##### EXERCISE DATA #####
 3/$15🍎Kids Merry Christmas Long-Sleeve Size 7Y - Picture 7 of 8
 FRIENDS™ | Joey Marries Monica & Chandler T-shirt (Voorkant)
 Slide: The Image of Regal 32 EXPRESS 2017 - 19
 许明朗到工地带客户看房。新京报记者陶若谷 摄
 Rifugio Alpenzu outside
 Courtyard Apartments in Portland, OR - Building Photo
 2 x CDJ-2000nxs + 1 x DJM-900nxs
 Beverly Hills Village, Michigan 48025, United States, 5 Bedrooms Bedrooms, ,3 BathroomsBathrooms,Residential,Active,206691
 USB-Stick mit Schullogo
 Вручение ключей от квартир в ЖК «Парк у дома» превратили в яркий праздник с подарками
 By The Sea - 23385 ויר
#####
Copy out the lines starting at the one containing "Beverly Hills Village, Michigan" and ending with the last line of the entries. Include nothing else.

 Beverly Hills Village, Michigan 48025, United States, 5 Bedrooms Bedrooms, ,3 BathroomsBathrooms,Residential,Active,206691
 USB-Stick mit Schullogo
 Вручение ключей от квартир в ЖК «Парк у дома» превратили в яркий праздник с подарками
 By The Sea - 23385 ויר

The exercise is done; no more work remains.